İnsanın can evi vardır bilirsiniz, pek kıymetlidir hani. Can dostu olanların can evi kıymetli olmanın ötesinde beş çayları eşliğinde hayata dair sohbetlerin edildiği yarı kutsal bir mekandır aynı zamanda. Çoğu kez çaylar biraya, kurabiyeler peynire ve turşuya, nihayetinde biralar rakıya, insanlar da maymuna evrilerek Darwin’in tezi üzerindeki boşluklar ortaya serilir. Duvardaki University of La Folla Berry Gelle diplomasının hakkını verir ortamdaki bilimsel konuşmalar. İnsanın canına okumak böyle bir şeydir ve ancak bu medresede tedrisat görenlere ve mezuniyet hakkı kazannanlara sağlanan bir imtiyazdır. Yolunuz düşerse diye not düşeyim adresini, Nirvana Apt. Kat: Mandu, Aksoy Dükalığı, Kordelya.

Bunlarla kalır mı? Kalmaz. İnsanın can yoldaşı oldumu, yol yordam öğrenir. Can kuşunun şarkılarını can kulağıyla dinlemeyi öğrenir. Hayatın inceliklerine dair, nezakete dair ilim sahibi olur; sırça köşklerde, pamuklar arası kumpanyalarda latif eserler sahnelemeyi becerir olur, çünkü hep bunlar insanın canına değer.

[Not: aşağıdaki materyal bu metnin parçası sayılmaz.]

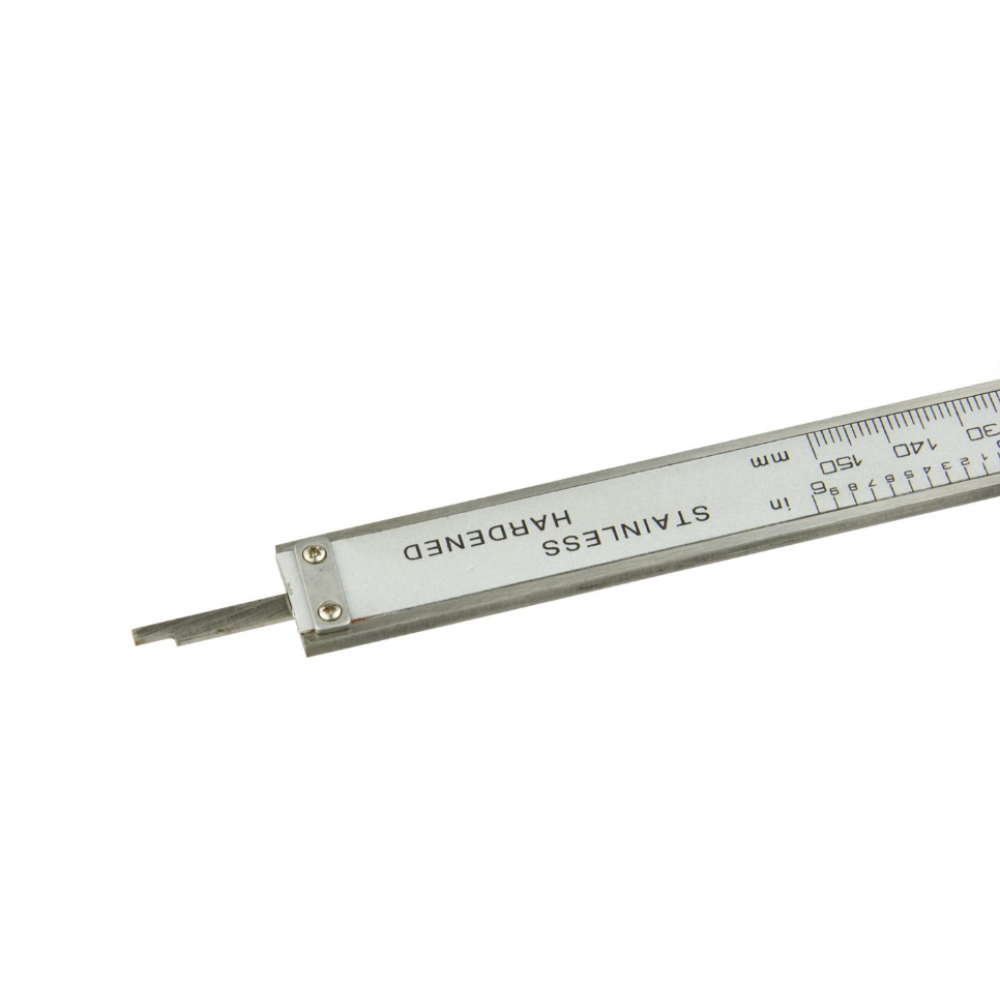 Електронен / дигитален шублер LCD 0-150 мм 0.01 CE - G01493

Cansız hayat, adı üstündedir cansızlaşır, renksizdir, kurudur. Seni görüp de halinden anlayan sorar hemen, “hey dostum canına mı susadın alla sen?” “Evet ya!” dersin gözlerin kocaman, en azından bir iki feys alayım diye idareten, oturursun ekranının karşısına. Biri seni farketmedi, sen de durumuna geç uyandıysan vay haline. Can havliyle damardan, üstelik canı pahasına Akheneton verirler de ancak toparlarsın mazallah. 

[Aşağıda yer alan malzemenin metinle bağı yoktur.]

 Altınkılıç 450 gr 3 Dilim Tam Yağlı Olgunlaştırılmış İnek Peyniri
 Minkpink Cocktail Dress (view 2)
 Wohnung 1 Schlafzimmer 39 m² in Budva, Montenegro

Gün olur (ki rivayet senenin dokuzuncu ayının onikinci gününe yakın günlerdendir) “hah bu tam can dostuma uygun bir hediye” diyeceği bir şey görür çarşıda dolaşırken insan. Bak bu iyi denk geldi yoksa canıma ot tıkardım görmeseydim dersin. “Yalnız bak o canına değil çanınadır dostum, bilelim doğru kullanalım” der bilmiş iç ses. “Sen gel bir çengel yüzünden madara etme kendini, en azından deyimleri doğru kullan. Meydanı boş buldun diye yazmak kolay. Hem hediye dediğin şey zaten birbirine bu hayatta hediye olmuş canların, yine birbirlerine verdikleri sembolik bir nesnedir, yoksa nedir. Asıl maksat canı gönülden bir kutlamadır, gerisi laf-ı güzaftır, laf ebeliğidir.” “Haklısın hacı” dedim iç sesime, “zaten dünyaya gözünü laf ebeleri arasında açan kişiden de ne beklenir. İki kelimeyi kurcalamadan peşpeşe getiremez oldum hafız, acaba doğum sırasında kordon dolandı da oksijen mi gitmedi” diye sordum. “Nereden bileyim la!” dedi kabalaştı bi an, “doğum kordonda dolaşırken mi oldu, hava mı kirliydi, ne diyon, ne oldu? Anlamadım ben dediğini, boşver takma kafana cancağızım” dedi “hem ne demiş atalarımız:  Ne can çıkar ne de hayhuy.” “Haklısın üstad” dedim, “kılavuzu ebe olanın canı burnundadır zaten”.